Genesis Reloaded: Questioning a Literal Interpretation of the Bible
Genesis Reloaded is utterly sincere, given the all-time high of epic controversy and persecution in modern-day spiritual and political claims. Professor Fred Galves pens a trajectory far more important than the rendering of sought out truth itself “be it through religion or science” (What If We Are Not As Important, Nor As Smart, As We Think We Are?). In this wholly, deconstructive reading of the Bible, Galves incites a fluid conversation about longstanding factors of authenticity (the official book versus an official religion), translation (source text versus target language), propriety, logical reasoning and evidentiary support, feminism, perspective (objectivity versus subjectivity), oversimplification and grandiosity, dimensions of the literal/surface and metaphor/interior, faith, and the empirical method.
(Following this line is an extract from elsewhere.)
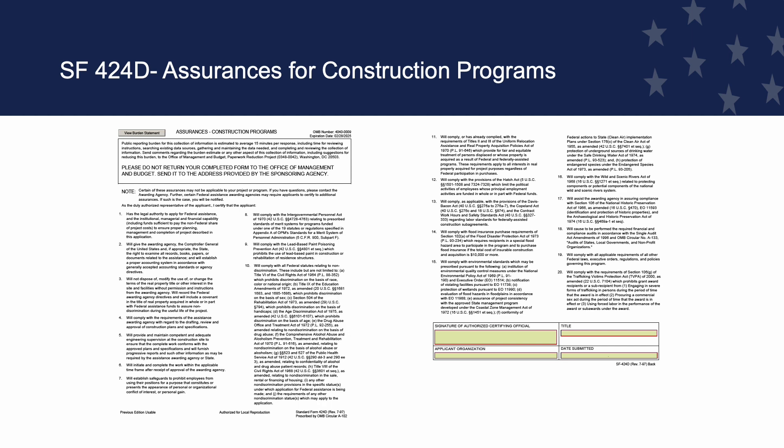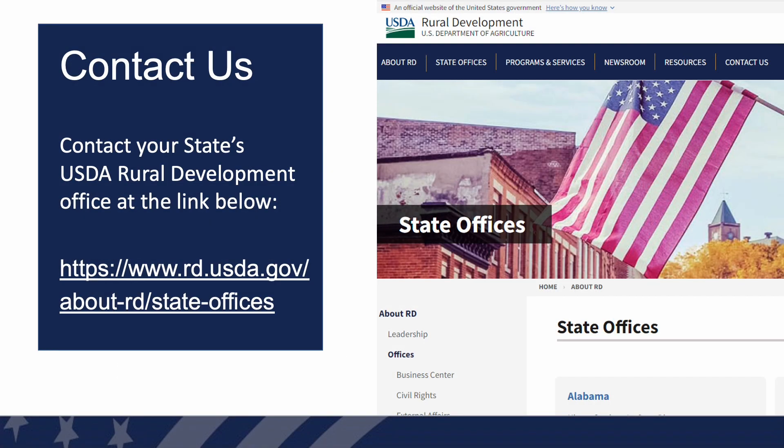Please read through each of the 20 certifications listed on the form. All certifications will apply to your application unless otherwise instructed by the Rural Development Agency. Please contact Rural Development staff with any questions or concerns with any of the certifications listed on the form.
Through a sketchy portrayal, which entails various layers of riddles and odd ends, the reader, in due course, digests the cheeky information with practicality and perplexity.
Genesis Reloaded pontificates in an intense manner without being overly brutal but enough to shake the reader into heavy response. However, the superfluous and convoluted nature of the text pinpoints the given arguments and rhetorical questions at times meaningless because of repeated disclaimers from the author about his background indicating a lack of expertise and authority in this subject area. Still, the reader ambitiously takes on Fred Galves and his enthusiastic, personalized account of interpreting belief systems and qualms starting from the shy age of ten years old right through the present, because “Even if such questions might at first appear to be irreverent, they still might be worth pondering deeply, especially if some helpful answers to them can be developed” (Who Am I To Question a Literal Interpretation of the Bible).